This lecture on peace, named in honour of Desmond Tutu, took place exactly two weeks after the United Nations held a Nelson Mandela Peace Summit at its annual General Assembly.
At the end of the debate, the assembly declared that the next decade would be the Nelson Mandela decade of peace.
To achieve peace and equality, President Ramaphosa said there is a need to reduce the massive disparity in income and opportunity in South Africa, particularly between black and white, but also between women and men.
He said poverty, social and economic exclusion must be prioritised and attended to in order to achieve peace.
“We cannot speak of true freedom when the constitutionally guaranteed rights to quality health care, to quality education, to decent housing and to a clean environment continue not to be enjoyed by many South Africans.
“We cannot speak of true freedom when 10% of the population has more wealth than the remaining 90% combined; when women are discriminated against at their places of work and abused in their homes; and when privilege and poverty follow the same racial contours of a colonial past.”
To address the disparities, President Ramaphosa said nothing short of a skills revolution is required, in which inclusive, accessible and relevant education produces quality outcomes.
“It is essential that, alongside a skills revolution, we draw millions more young South Africans into the productive economy through work.
“Last week, the social partners – government, labour, business and communities – convened a Jobs Summit, which was the culmination of several months of deliberations on measures to accelerate job creation. It was a clear signal of the determination of all sections of society to work together to build a social compact to create jobs,” said the President.
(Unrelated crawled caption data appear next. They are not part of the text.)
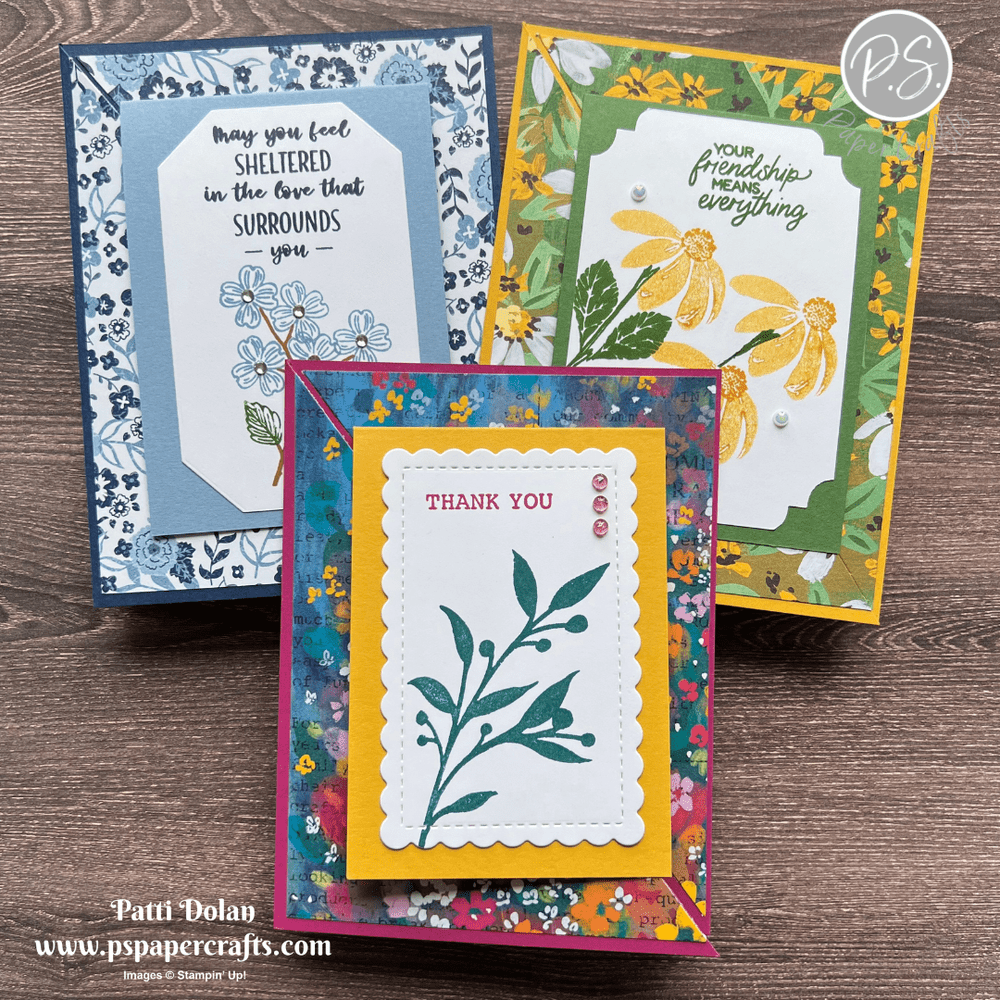 Triangle Fun Fold Cards — P.S. Paper Crafts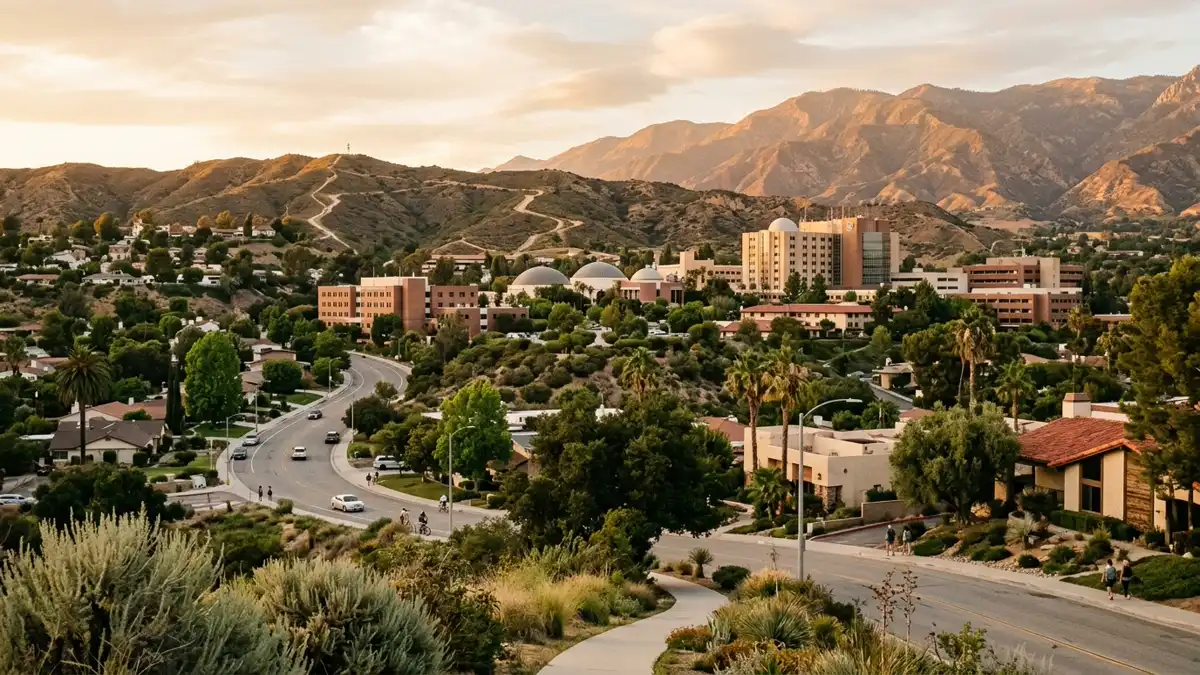 Public restroom locations mapped in Loma Linda, California — 9 facilities across zip codes 92318, 92357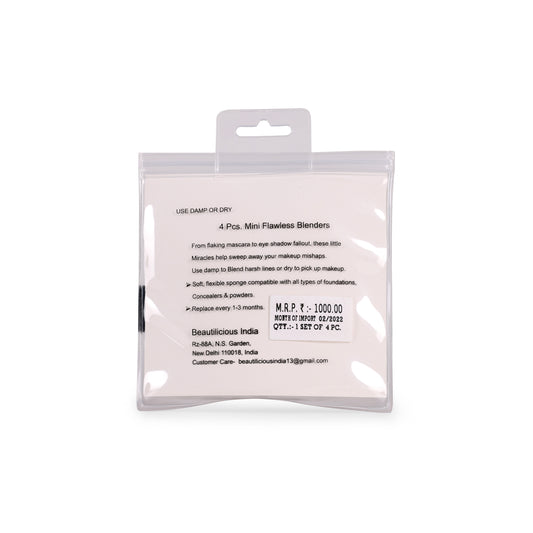 Travel-friendly mini flawless blenders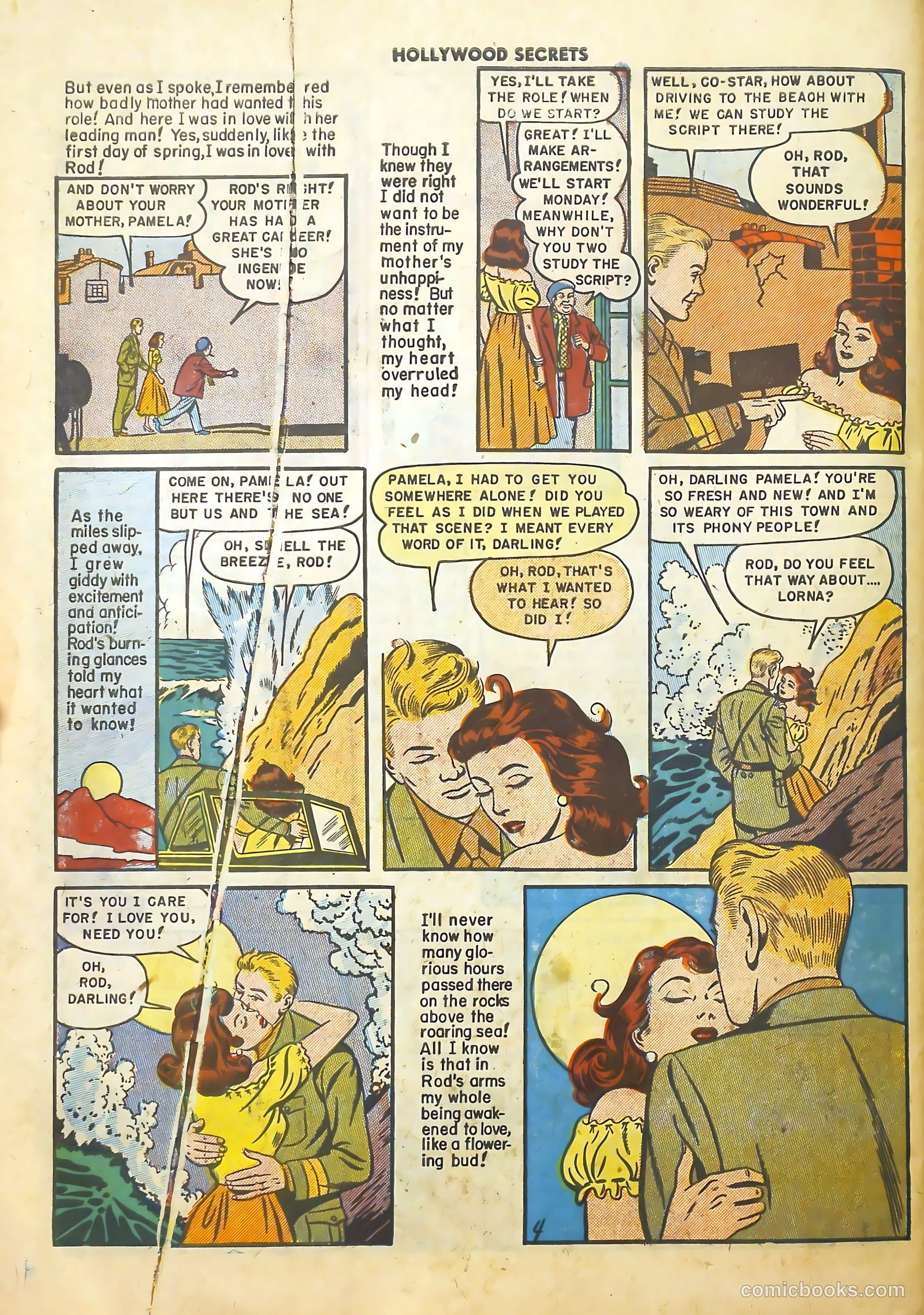 Hollywood Secrets #4 (1950) — page 30 of 36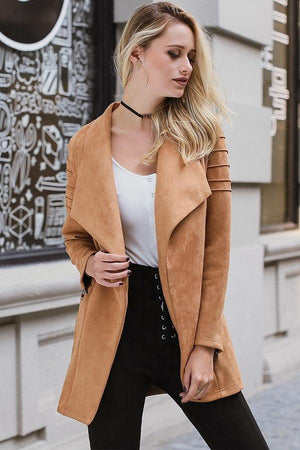 Hot Style Long Suede Leather Women Jackets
On gender, President Ramaphosa said every institution – from government departments to companies and universities – should actively work to prevent gender bias, no matter how subtle or apparently inconsequential.
“The violation of the rights and equal worth of lesbian, gay, bisexual, transgender or intersex people demeans our common humanity.
“Not only does it expose individuals to pain, suffering and even violence, but it often limits access to social services and economic opportunities for LGBTI people.
“It is not possible to build a just and equal society in such circumstances,” said the President.